Zimbabwe on the brink ...

“On Friday morning it was at Z$90,000 to US$1,” said a petrol dealer, who asked not to be named. “By lunchtime it was at Z$100,000 to US$1. At the end of the day it was Z$120,000 to US$1. By the time I’ve banked the cash, it’s lost its value and I’ve lost money. I’ve got fuel, but not for Zimdollars. I’m going to have to close my doors.”

After decades of reckless economic mismanagement – including an official policy of printing money as fast as it can be done – dictated by President Mugabe, Zimbabwe has lurched into hyperinflation in the past few months. Annual inflation in May was at 4,500 per cent, according to official statistics, which are regarded as very conservative.

A worrying extract from the Times Online article that reports that fuel supplies in Harare have all but dried up after service stations refused to accept the country’s wildly unstable currency in payment. It was reported last week that Zimbabwe has no more than six months before total collapse. It must be a different form of collapse in store because surely the economy has already collapsed. Zimbabwe is now a barter economy.


  1. From the BBC:

    Zimbabwe has 80% unemployment and independent economists say inflation is running at 11,000% per year.

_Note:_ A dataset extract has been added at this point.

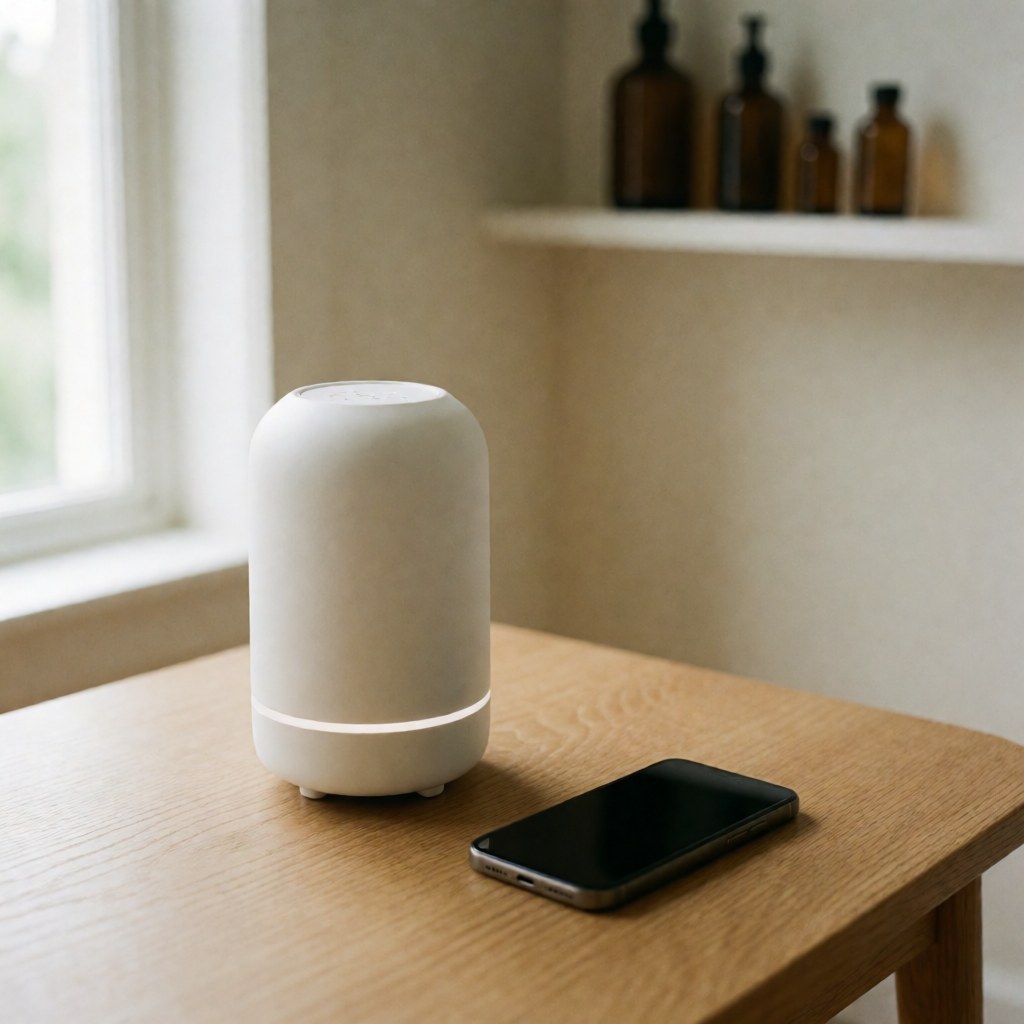 Diffuseur blanc posé sur une table en bois clair, éclairé par la lumière naturelle, avec des bouteilles en verre en arrière-plan flou, évoquant bien-être et calme.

    On Thursday, the value of the Zimbabwean dollar plummeted with black market exchange rates reaching 300,000 Zimbabwean dollars to one US dollar. The official rate is 15,000 to one.

    "I believe inflation will hit 1.5m% by the end of 2007, if not before," Mr Dell told the Guardian newspaper, adding that he believed this was a "modest forecast".

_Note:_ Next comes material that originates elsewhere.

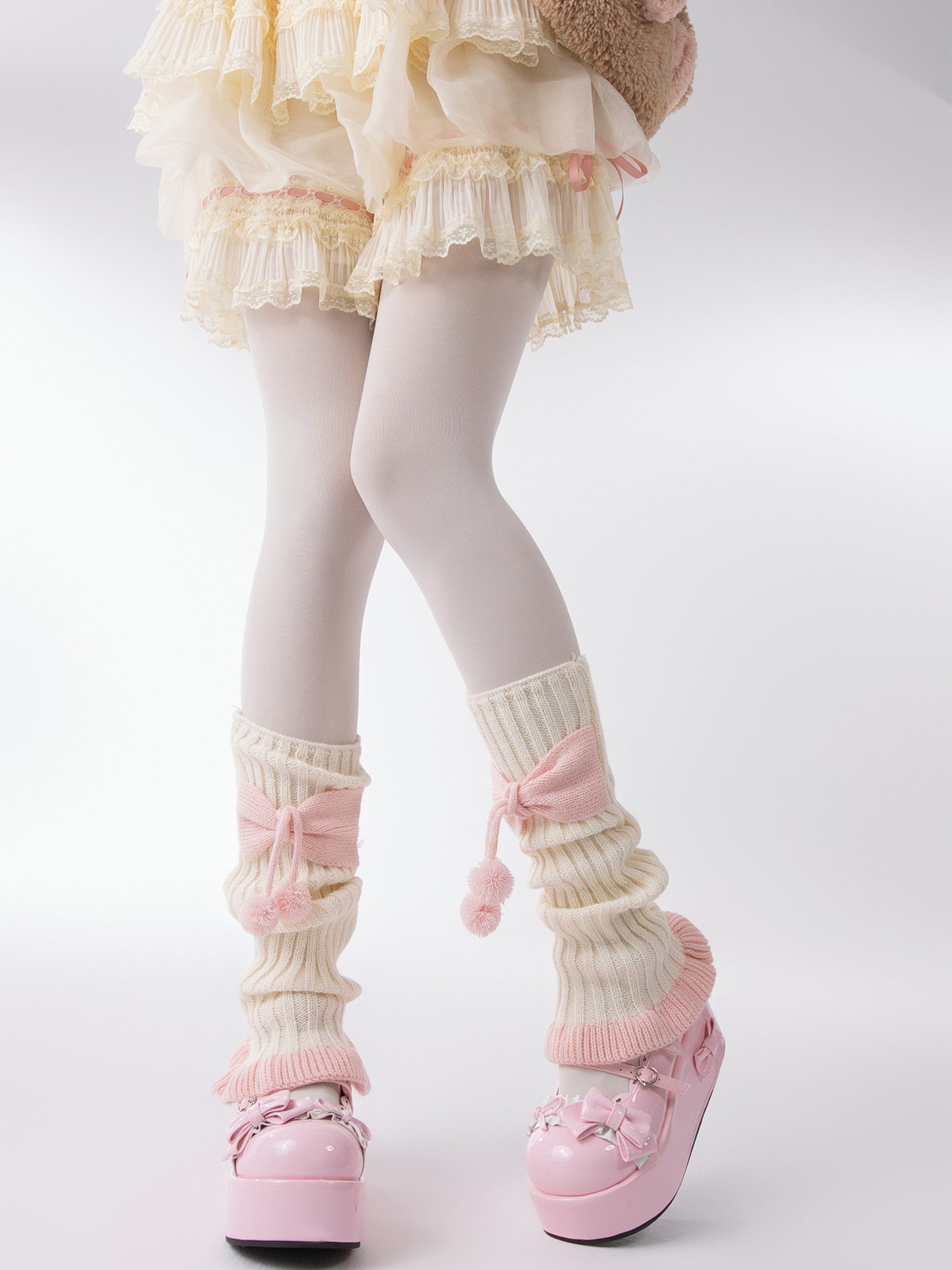 Sweet Lolita Pink Bow Pompom Balls Knit White Leg Warmers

    This leads to a lot of questions:

    In an economic context, how do you know when there is a 'collapse'? What are the next steps to revive the economy? What are the experiences of other countries that have gone through this process?

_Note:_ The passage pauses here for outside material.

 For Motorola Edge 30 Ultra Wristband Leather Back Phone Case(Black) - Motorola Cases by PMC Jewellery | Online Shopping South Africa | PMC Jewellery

    Zambia needs to be prepared what could be a very disrupting event.

  2. Touque,

    Thanks for bringing this to our attention!

    "In an economic context, how do you know when there is a 'collapse'?"

    This is billion dollar question!

    I believe this has already happened. But I am unsure what people are expecting by a collapse. From an economic stand point it seems that the economy is operating on a barter system.
    The concept of private property also seems to be eroded which guarantees exchange to take place.
    To all intends and purposes the sentence Zimbabwe economy is a contradiction in terms.

    What people are expecting is a "political collapse" I think. When people seize the initiative and remove Mugabe from power.

    "What are the next steps to revive the economy?"

    I think the economy cannot be revived until institutions are restored that guarantee exchange and rule of law. So that has to re-established.

    And then possibly adopt what the IMF has suggested. See here.
    They believe it is possible to bring normality if the Central Bank can be made to do its job. A turn around within a year is possible. But it could see a worsening in plight for the people unless it is also accompanied by aid. I think what we can safely assume is that Zimbabwe will get worse before it gets better even under a post Mugabe regime.

    "What are the experiences of other countries that have gone through this process?"

    This paper has examples of countries which have experinced higher rates of inflation (see Appendix Table 1). The table excludes Serbia's inflation which peaked at a monthly rate of 175,093% in the period Feb 1993 - Jan 1994.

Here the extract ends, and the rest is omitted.